PowerShares DB Commodity Index Tracking Fund, with assets of $1.3 billion, is one ETF that tracks a broad basket of commodities. U.S. Oil Fund, which has $3.5 billion in assets, follows an index of crude-oil futures. Energy Select Sector SPDR Fund is a $4 billion ETF tied to an index of energy stocks. All three funds staged sharp rallies in the first half of 2008 but have fallen hard since commodities prices peaked over the summer.

The performance of ETFs that invest in metals and commodities is linked directly to the prices of the physical materials or related futures contracts. That’s different from funds that invest in the stocks of mining and natural-resources companies. Mining and energy stocks are seen as a leveraged bet on commodities, because the shares tend to be more volatile than the related commodity prices. Investors in these funds also are exposed to all the corporate risks that accompany stocks.

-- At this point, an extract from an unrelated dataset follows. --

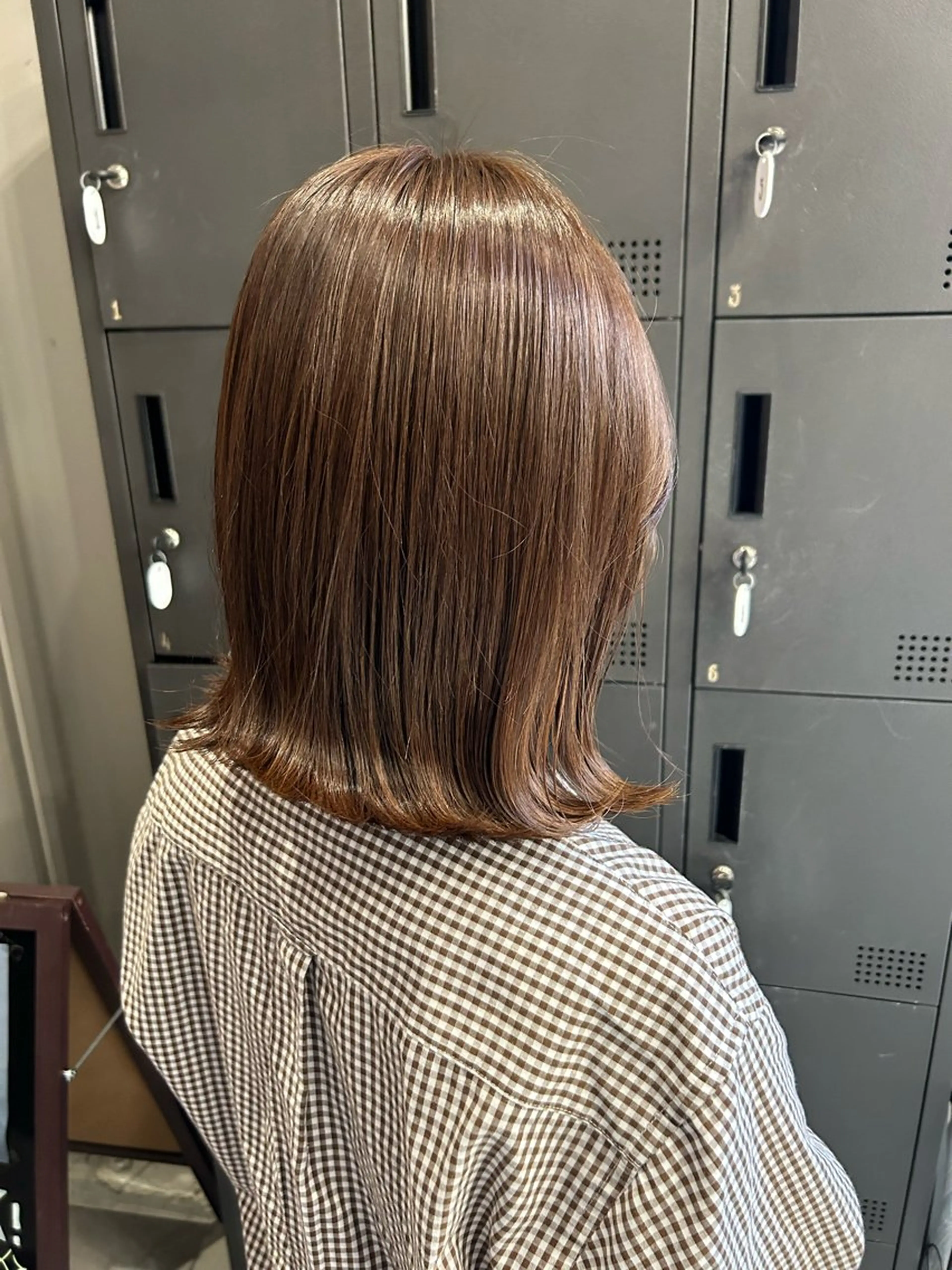 ミディアム カット ヘアカラー トリートメント 艶髪/髪質改善 yukaのヘアスタイル
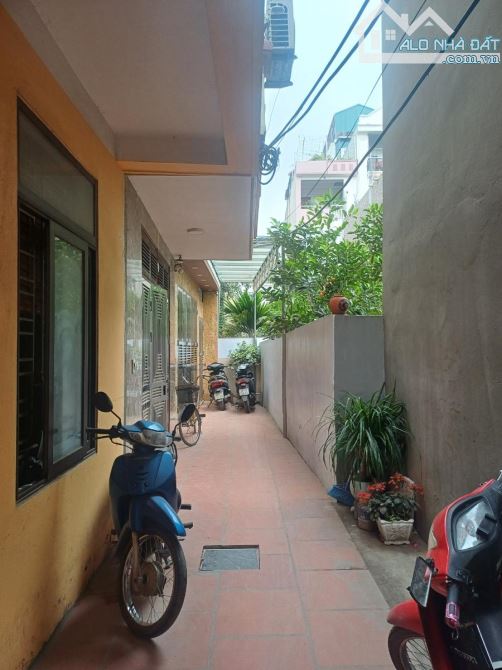 BÁN CCMN BẮC TỪ LIÊM,NHÀ MỚI 56M2 7 TẦNG 11PKK, DOANH THU CAO, GIÁ HƠN 12 TỶ - 2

Real estate is another common form of diversification that’s often unavailable in retirement plans. Real-estate ETFs include SPDR Dow Jones Wilshire REIT ETF and iShares Dow Jones U.S. Real Estate Index Fund.

Tax Treatment

A word of warning: When venturing outside a 401(k), investors should consider the tax implications of the funds they buy. True, ETFs aren’t forced to sell assets to cover redemptions and then distribute any capital gains to investors, as mutual funds sometimes are. But investors still are subject to capital-gains taxes on ETF holdings they sell, and those tax rates aren’t the same for all types of investments. For instance, says IndexUniverse.com editor Matt Hougan, some capital gains from commodities ETFs that buy futures can be taxed at a higher rate than gains from stocks.

Also, commodities funds never take delivery of a commodity, but instead regularly roll their holdings of futures contracts — selling contracts that are near expiration and replacing them with contracts that expire later. If the new contracts are more expensive than the ones being replaced, the ETF can lose money on the swap, eating into any overall gains. So investors shouldn’t expect a fund to deliver the same gains they might see in the spot price of the underlying commodity.

Ideally, investors should put their holdings of the least tax-efficient funds, like those that invest in currencies or commodities, in tax-deferred accounts whenever possible, keeping stock funds in taxable accounts if necessary, Mr. Hougan says. For instance, an individual retirement account is a good place to stash a commodity ETF.

Of course, any time you put money in a taxable account when you haven’t maxed out your 401(k) contributions, you’re sacrificing tax deferral.

Investors who buy ETFs or any other assets outside a 401(k) also need to keep in mind that they’re complicating their overall portfolio. That means they’ll have to keep a closer watch to make sure the allocations of various assets don’t get too far out of whack due to market moves — like a surge in gold prices and a drop in stocks that bumps a gold ETF up to a higher percentage of the portfolio than desired.